Non, M. Ménard tous les musulmans ne s’appellent pas Mohammed ou Fatima ; il y a aussi des ‘Olivier’ qui vivent en communautés leur idéologie de la soumission et des ‘Gilles’ qui vont en guerre pour le compte de l’Etat Islamique ( qui porte bien son nom ). Celui-ci prévoyant pour ses adeptes une pureté avec, à la clé, des punitions exemplaires pour ceux qui ne seraient pas conformes aux préceptes de leur gourou. S’il est évident que ces pratiques portent atteinte au ( simple ) bon sens il faut noter que cette fuite dans le vide de la religion est catalysée par le vide de la vie sociale contemporaine. Un monde où la nature est détruite et où les hommes ne cessent de verser leur tribut au capital qui ronge toutes les relations sociales, …est le meilleur propulseur pour s’abriter dans le nid ( pas toujours ) douillet des certitudes religieuses.

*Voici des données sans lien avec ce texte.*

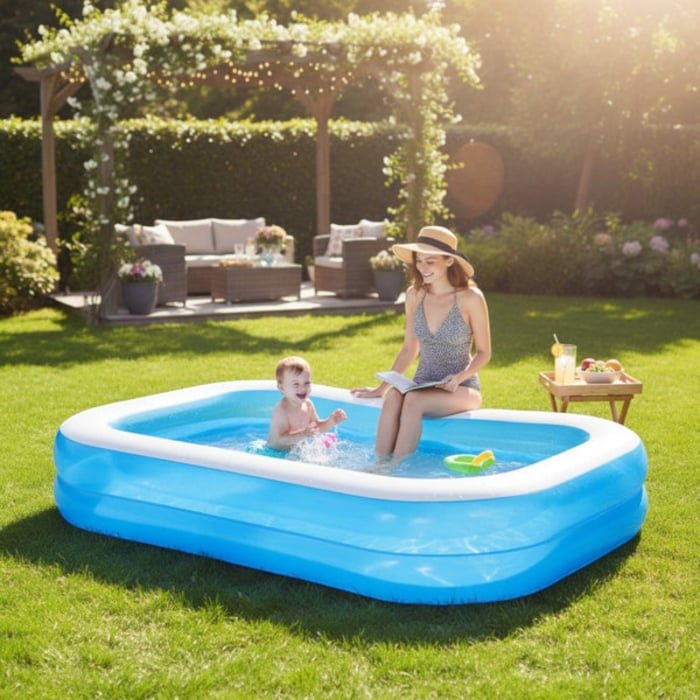Pachet 2 Piscine Gonflabile Familiale din PVC rezistent, 200x140x40 cm, 2 inele, pentru curte si gradina [6]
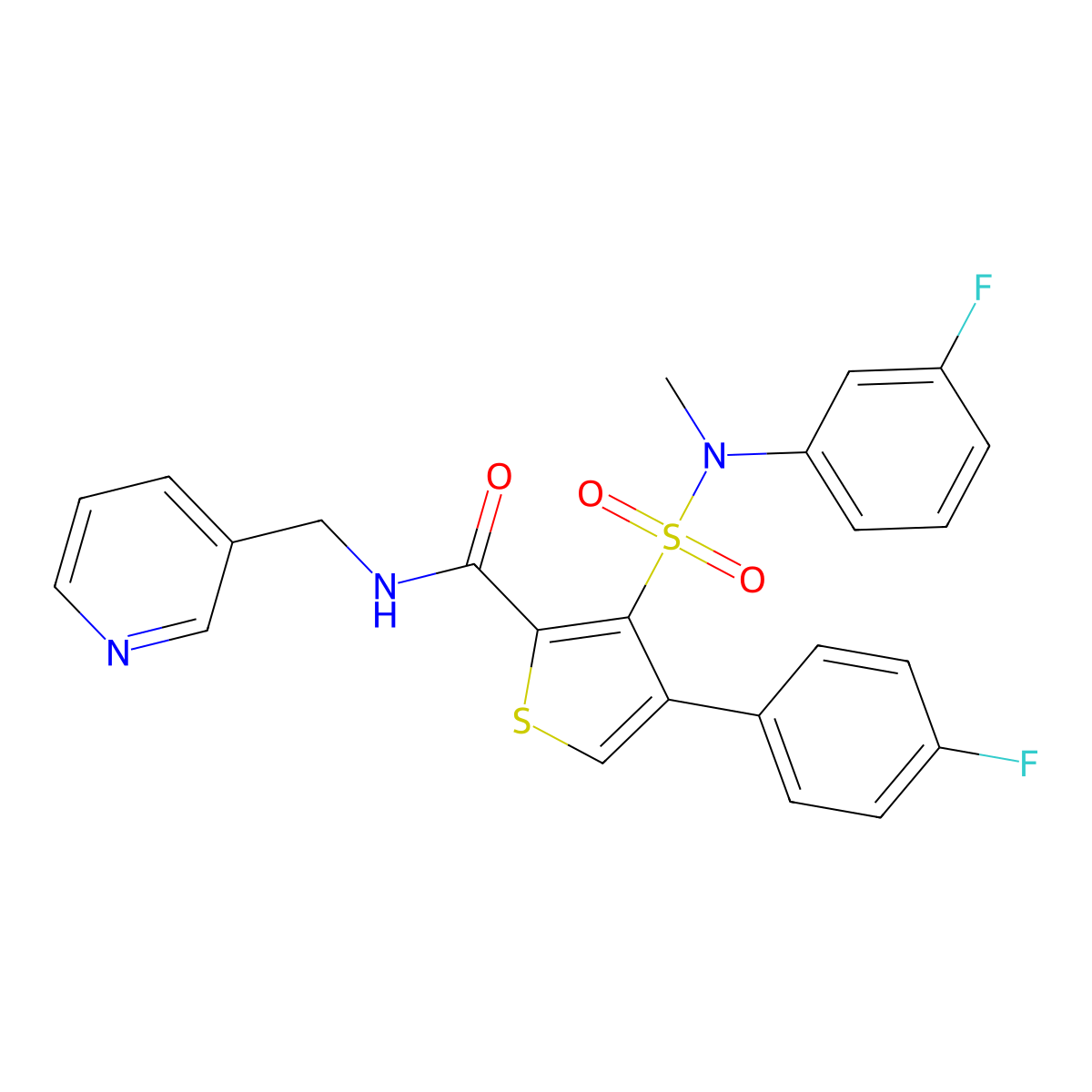 4-(4-fluorophenyl)-3-(N-(3-fluorophenyl)-N-methylsulfamoyl)-N-(pyridin-3-ylmethyl)thiophene-2-carboxamide molecular structure, CAS 1114853-63-2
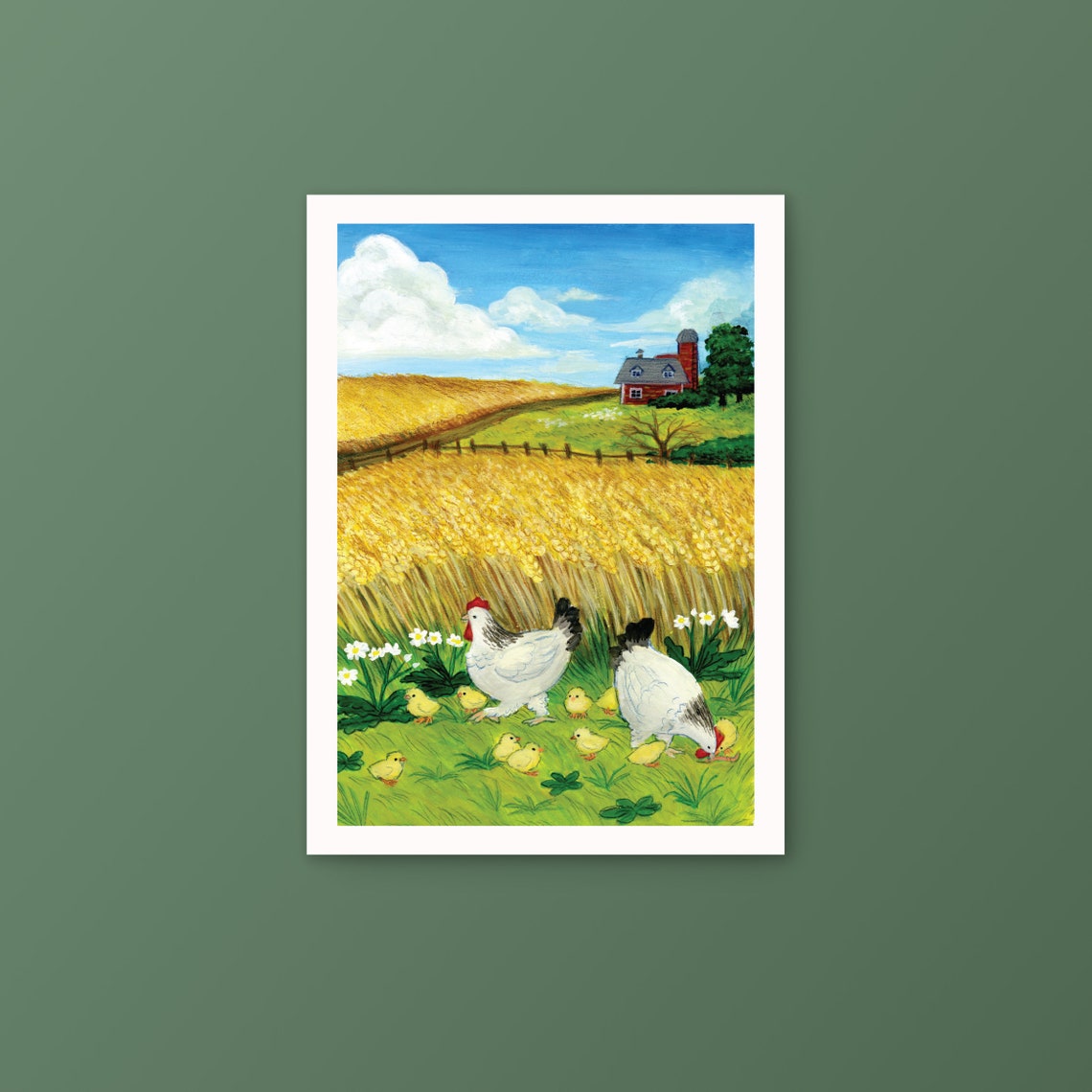 Chickens And Wheat Gouache Art Print - Image 3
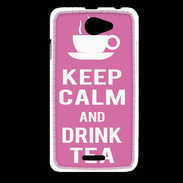 Coque HTC Desire 516 Keep Calm Drink Tea Rose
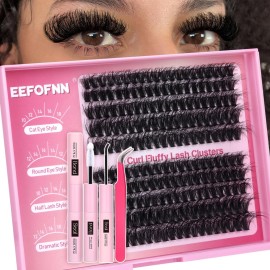 Eefofnn DIY Lash Extension Kit Fuzzy Mink Cluster Lashes Kit Natural Volume Eyelashes Extensions with Lash Bond and Seal Tweezers 50D Eyelash Clusters 10-18MM Fluttery Individual Lashes Extension Kit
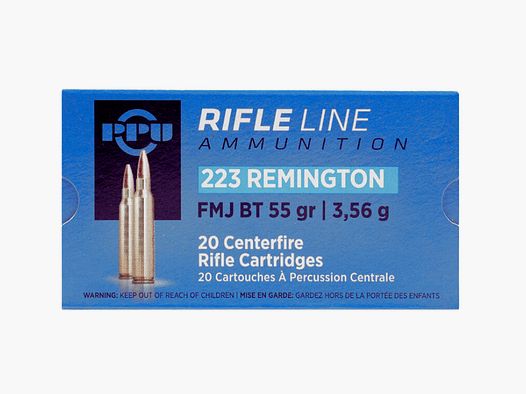 PPU .223 Rem. 3.56g 55gr FMJ BT
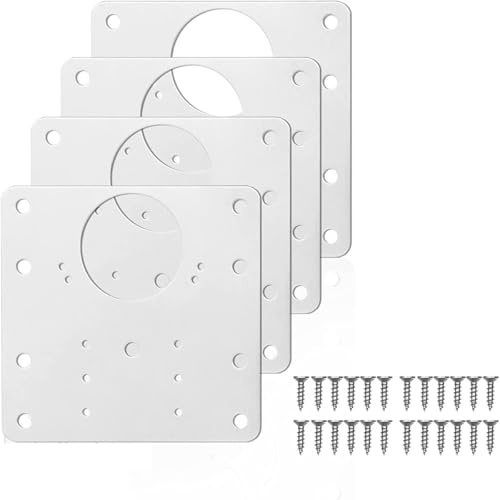 4Pcs Hinge Repair Plate, Cabinet Hinge Mounting Plate Kit, Suitable for Fixing wardrobes, Wooden Tables, Wooden beds and Most Other Furniture. (with Screws)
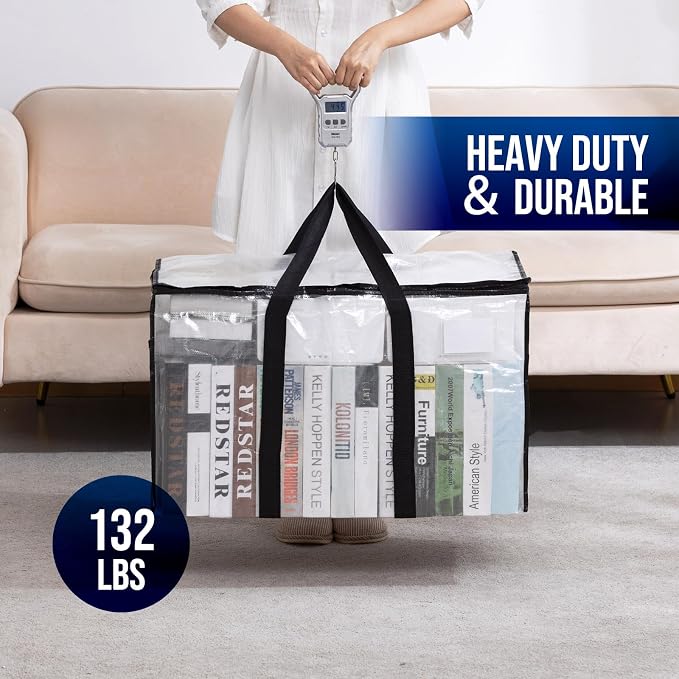 TAILI Extra Large Moving Bags, 10 Pack Clear Heavy Duty Totes - Image 5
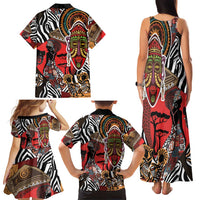 Beautiful African Women Ethnic Motifs Family Matching Tank Maxi Dress and Hawaiian Shirt - Wonder Print Shop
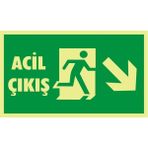 İzmir Serigrafi Fotolümen Acil Çıkış (Sağ Aşağı) 2.6 mm PVC Uyarı Levhası 15 x 30 cm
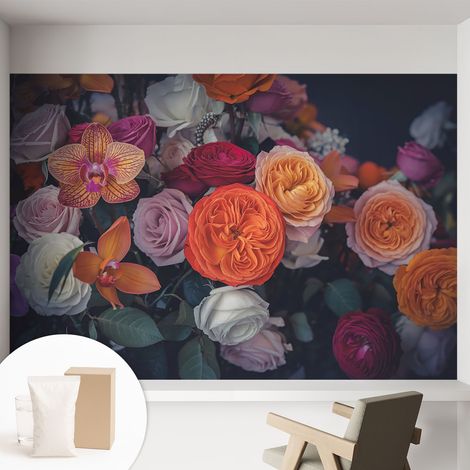 Tapete Vliestapete mit Kleber modern - Wanddeko für Küche - Klebefolie Wand - luxus Look Farbenfroher Blumenstrauß 152x104 cm (1/5)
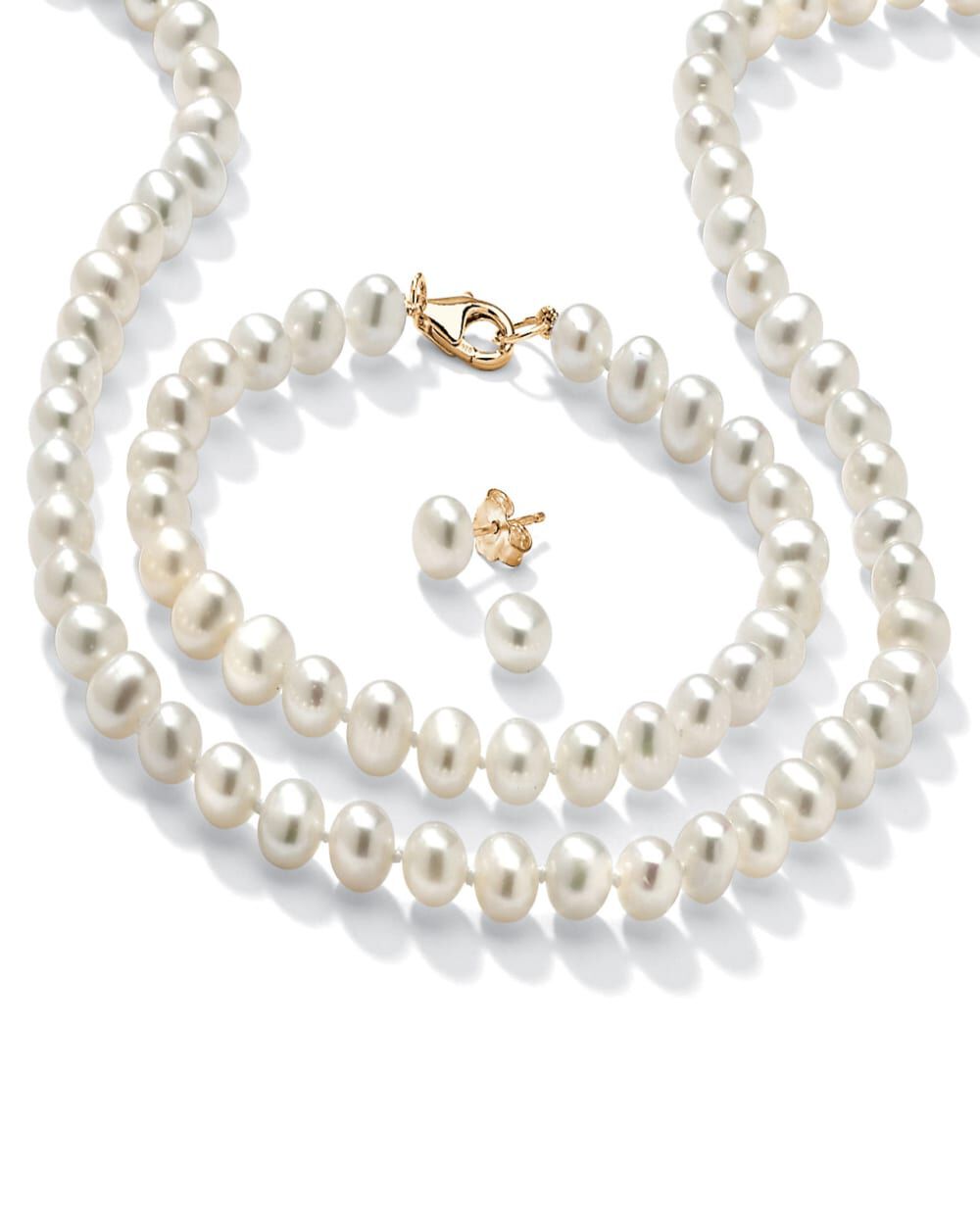 Genuine Cultured Freshwater Pearl 3-Piece Set 14k Gold-plated Sterling Silver, White / White, hi-res image number 0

A nous de tenir compte de tout cela mais aussi de faire attention à ne pas nous laisser bercer par la mauvaise conscience qui nous ferait accepter l’inacceptable. Le retour du religieux est une horreur dont on n’a pas fini de parler et de constater les dégâts. Il faut dénoncer non seulement l’islamisme avec ses élans meurtriers mais aussi la religion, toutes les religions. Car dans le contexte qui est le nôtre celles-ci n’ont plus grand chose à nous dire sinon à nous ramener à l’obéissance à des dogmes extravagants et nuisibles à toute société qui a pour but l’émancipation telle que le socialisme originel voulait le construire.